Directions for this task
Could you give the data that follows again exactly, without its pictures?

Information shown
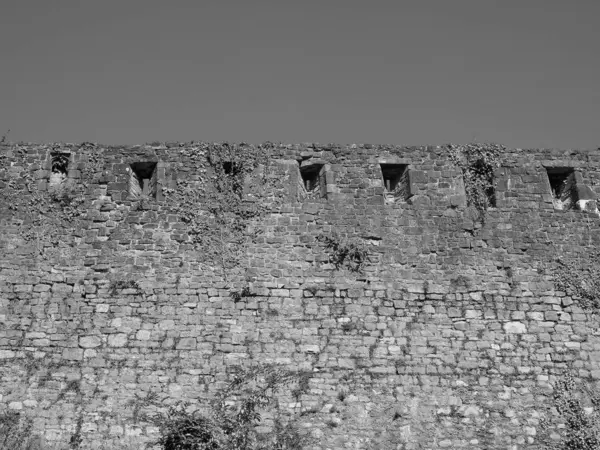 Rovine del castello di Chepstow a Chepstow, in bianco e nero — Foto Stock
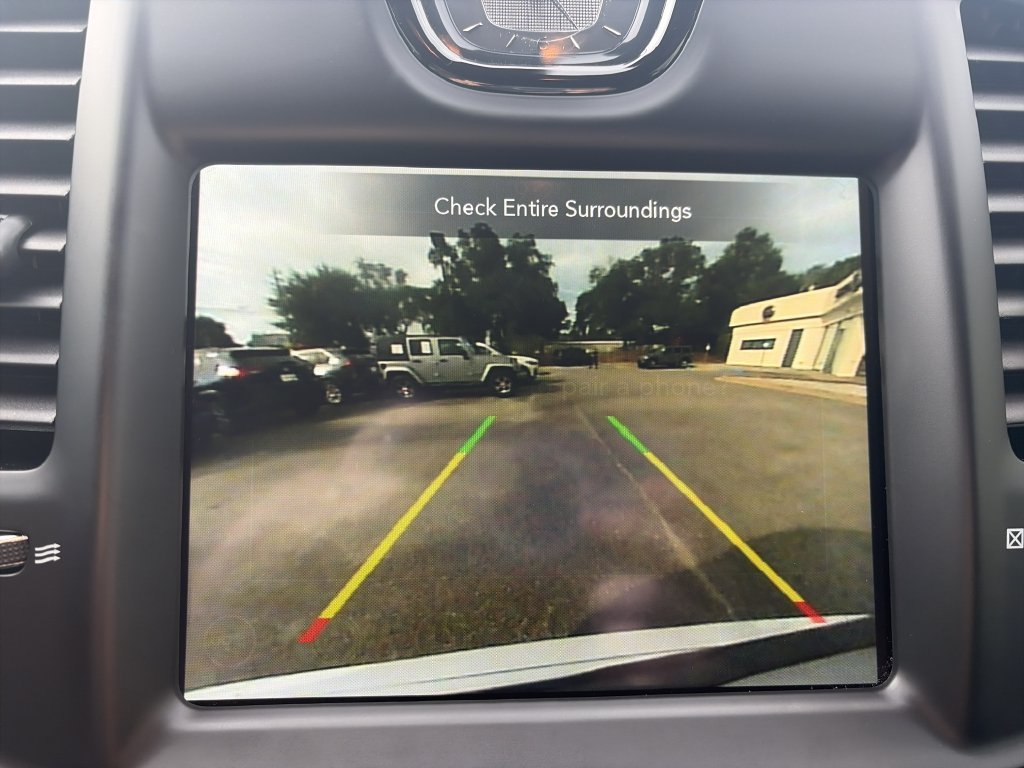 Used 2023 White Chrysler S image 23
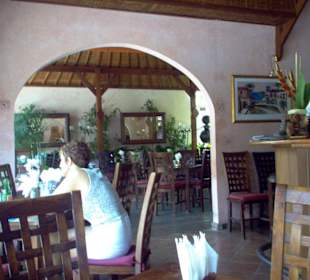 Yut`z Restaurant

Problem solution
 Rovine del castello di Chepstow a Chepstow, in bianco e nero — Foto Stock
 Used 2023 White Chrysler S image 23
 Yut`z Restaurant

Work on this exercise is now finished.